Но вряд ли в этом нынешнем Союзе писателей Марина Ивановна узнает дом Сологуба. Внешне он вроде бы и не изменился, а внутри комнаты уже начали делить перегородками, за которыми разместятся завы и замы, и только приемная Фадеева так и останется неприкосновенной и будет свидетельствовать о том, что здесь и впрямь когда-то могли бы жить Ростовы. Фадеева Марина Ивановна не застает и оставляет, по-видимому, письмо секретарю. Был ли он занят, отсутствовал или не захотел ее принять — во всяком случае о личном их свидании ничто не говорит. Марина Ивановна появляется в Литфонде. Ее видят в Гослитиздате. Москва шумит, литературная Москва, конечно: — Вы видели Цветаеву? — Приехала Цветаева! — Вернулась из эмиграции Цветаева! — Цветаева в Москве!

Но Борис Леонидович говорил: приезд Куприна был решен по инициативе правительства, верхов, а Цветаеву пустили по докладной секретаря!

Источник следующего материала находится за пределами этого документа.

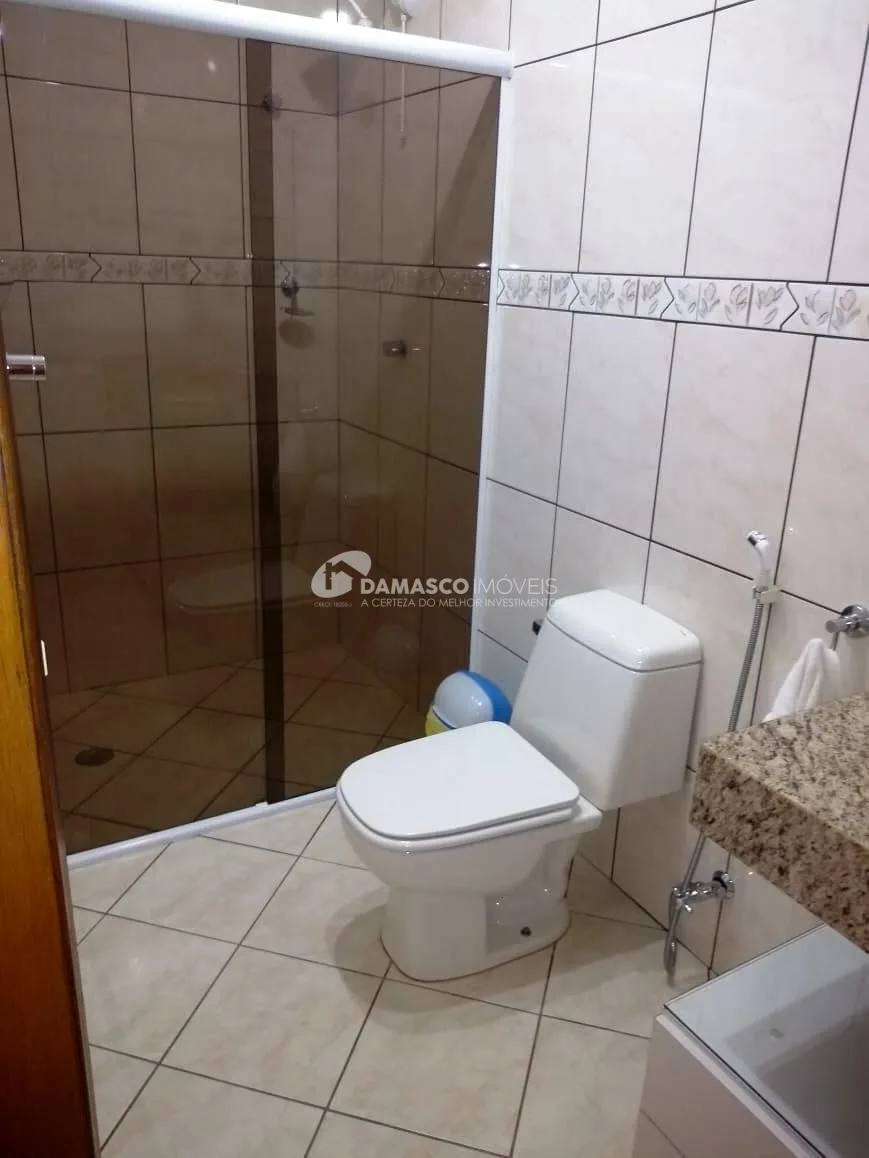 Sobrado à venda 3 Quartos, 1 Suite, 16 Vagas, 572M², Nova Gerty, São Caetano do Sul - SP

Так оно, видно, и было. Куприна встречали цветами и почетом. На московском перроне его приветствовали писатели, щелкали камерами фоторепортеры, В центральных газетах было объявлено о его приезде, помещены снимки его с супругой. В гостинице их ожидали номера. Велись хлопоты о предоставлении им квартиры. А пока шло лето — он приехал в мае, — для него специально оборудовали дачу.

Директору голицынского Дома писателей Серафиме Ивановне Фонской было дано распоряжение: немедля обеспечить. И она немедля обеспечила.

«В полдень — 10 мая 1937 года — мне позвонили из Союза писателей и сообщили, что на днях в Голицыно должен приехать вернувшийся из эмиграции Александр Иванович Куприн со своей женой Елизаветой Морицевной, — вспоминает впоследствии Серафима Ивановна. — Нужно для Куприна снять дачу, хорошую и удобную, желательно поблизости от Дома. Нужно, сказали мне, создать такую обстановку, чтобы писатель почувствовал: он вернулся в родной дом. Весь день ходила я по поселку. Искала дачу — тихую, спокойную. На проспекте Луначарского, у старого железнодорожника Звягинцева, была славная дачка из трех комнат с большой террасой. Перед террасой — кусты мелких роз, в саду отцветали яблони и вишни… Эту дачу мы и арендовали. Теперь предстояло как-то убрать ее. Постелили на стол вышитую крестом скатерть, на окна повесили такие же шторы, расставили белую плетеную мебель местного производства. А главным украшением, думалось мне, будет самовар, чайник и грелка к нему в виде петушка с гребешком. Незатейливая эта грелка придавала террасе обжитой, домашний вид.

Теперь следовало подумать о человеке, который мог бы заботиться о Куприных, найти женщину душевную и приятную. В доме нашем работала в этом время уборщицей Анастасия Федоровна Богданова, в прошлом ткачиха «Трехгорки». Она хорошо пела… За неделю мы оборудовали дачу и все приготовили. Я сообщила об этом в Союз писателей и в Наркомат просвещения, Потемкину, который все беспокоился, названивал нам и повторял, чтобы мы постарались получше устроить Куприна».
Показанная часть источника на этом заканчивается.